Interesse bei Kunden und Beratern

Was ihm Hoffnung macht: Schon 2020 hatten zwei Drittel aller Kunden im Beratungsgespräch gesagt, dass sie sich für nachhaltiges Investieren interessieren würden. Im abgelaufenen Quartal führte die Sparkasse zu Lübeck 800 Anlagegespräche pro Woche, mit einem hohen Anteil von Telefonaten darunter.

„Natürlich führt das Interesse an Nachhaltigkeit nicht automatisch auch zu einem Abschluss“, sagt Heuer. „Aber weil unsere Berater sich ebenfalls begeistert von dem Thema zeigen, denke ich, dass der Trend zu mehr und mehr Abschlüssen im Bereich Nachhaltigkeit sich weiter verstärken wird.“ Eins lasse sich jedenfalls festhalten: „Nachhaltigkeit ist der Wachstumstreiber im Investment-Geschäft.“

Wohlhabende Kunden gut ansprechbar

Und das nicht nur in der Breite. Bei der Taunus Sparkasse etwa erweist sich darüber hinaus auch eine eher kleine, aber sehr zahlungskräftige Kundenschicht als besonders affin für das Thema: „Im Bereich des Stiftungsmanagements ist die nachhaltige Geldanlage ein vorrangiges Anlageziel unserer Kunden“, sagt Christof Harwardt, Leiter Private Banking.

 


„Im Bereich des Stiftungsmanagements ist die nachhaltige Geldanlage ein vorrangiges Anlageziel unserer Kunden.“
Christof Harwardt, Leiter Private Banking bei der Taunus Sparkasse.

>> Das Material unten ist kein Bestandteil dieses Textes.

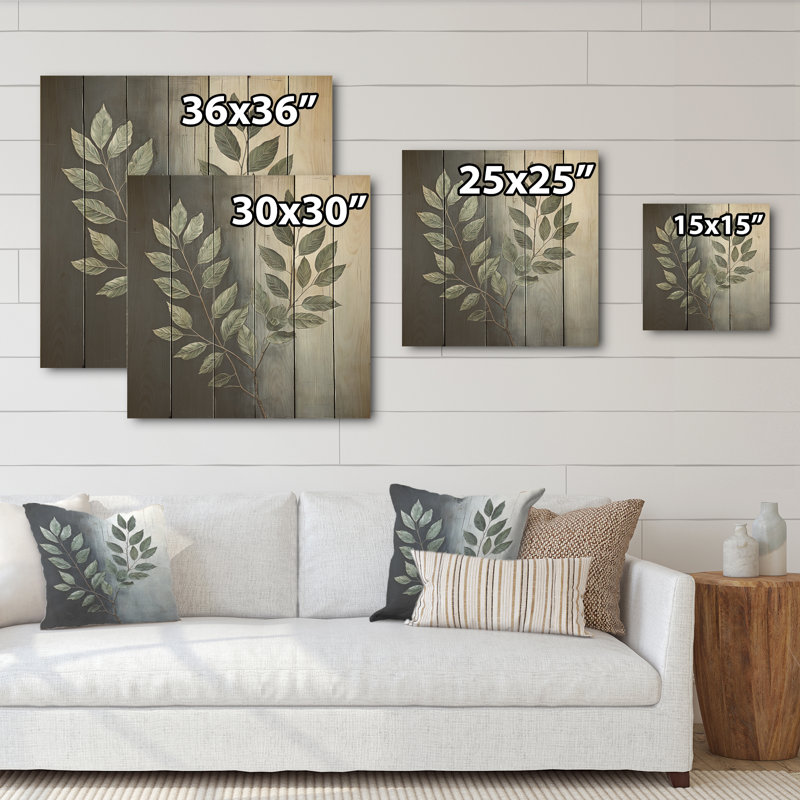 Orme ardoise harmonie - feuilles, art mural sur bois de pin naturel, H 15 po x l 15 po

Und auch mit Blick auf die Zukunft zeigt sich Nachhaltigkeit als exzellentes Investment-Thema: „Vor allem bei jüngeren Kunden ist das Bewusstsein für nachhaltige Anlagen und dementsprechend auch die Nachfrage deutlich angestiegen“, sagt Markus Franz, Mitglied des Vorstands der Taunus Sparkasse. Auch für Kundinnen und Kunden, die erstmals in Wertpapiere investieren, seien nachhaltige Anlagen wichtig.

 


„Vor allem bei jüngeren Kunden ist das Bewusstsein für nachhaltige Anlagen deutlich angestiegen.“
Markus Franz, Mitglied des Vorstands der Taunus Sparkasse.


„München investiert grün“

Es passt also gut zu der Vorreiterrolle der Sparkassen, dass die Deka ihre große Nachhaltigkeitskampagne im Februar gestartet hat und ihre Angebote dazu seither auf der Webseite www.sinnvestoren.de gebündelt präsentiert – was die Stadtsparkasse München aber nicht davon abgehalten hat, auch einen eigenen Fonds zu dem Thema aufzusetzen.

Seit Ende des vergangenen Jahres heißt es überall in der Stadt: „München investiert grün“. Kaum eine Litfasssäule, auf der das Motiv der Kampagne nicht klebt.

„München investiert grün“ – Plakatkampagne der Stadtsparkasse München.